Bien que pour son Ulysse il fut très affecté,
Il surveillait ses gens, auprès d’eux dans sa terre
Buvait et mangeottait, sans faire de façons.
Or, depuis ton départ vers les sables de Pyle,
L’on m’a dit qu’il repousse aliments et boissons
Et ne va plus aux champs ; tristement immobile,
Il pleure, geint ; sa chair se colle sur ses os. »

Le sage Télémaque aussitôt de répondre :
« Tant pis ! mais, malgré tout, laissons-le se morfondre.
Si nous pouvions filer nous-mêmes nos fuseaux,
Je m’offrirais d’abord le retour de mon père.
Mais vole en ville et rentre, et ne t’écarte pas
Pour visiter l’aïeul ; dis pourtant à ma mère
D’envoyer l’Intendante, en cachette et bon pas,
Annoncer la nouvelle au vieillard qui s’énerve. »

Il dit, presse le pâtre ; en ses mains, lui, d’un bond,
Prend ses souliers, les chausse, et part.
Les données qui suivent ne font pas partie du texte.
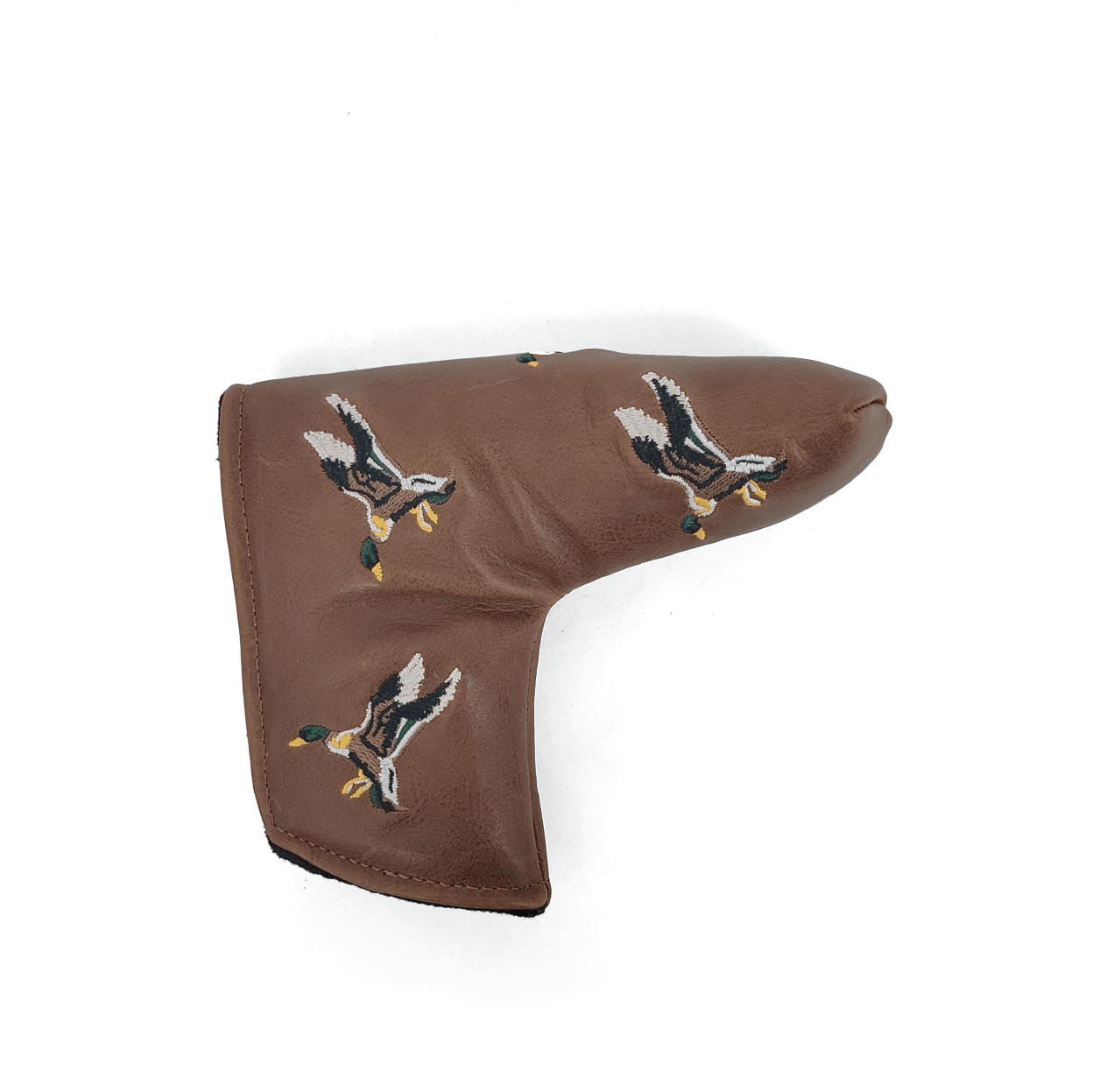 Flying Mallard Pullup Leather Blade Putter Cover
Mais de Minerve
Eumée, en s’en allant, n’évite l’œil profond.
La dive alors s’avance, ayant l’air d’une femme
Grande, belle, savante aux ouvrages lustreux.
Au seuil elle fait halte et se révèle au preux.
Télémaque ne voit ce visage de flamme,
Car à tous les mortels les Dieux ne s’ouvrent point.
Mais Ulysse et les chiens l’aperçoivent ; les bêtes
Se sauvent en grondant aux porcines retraites.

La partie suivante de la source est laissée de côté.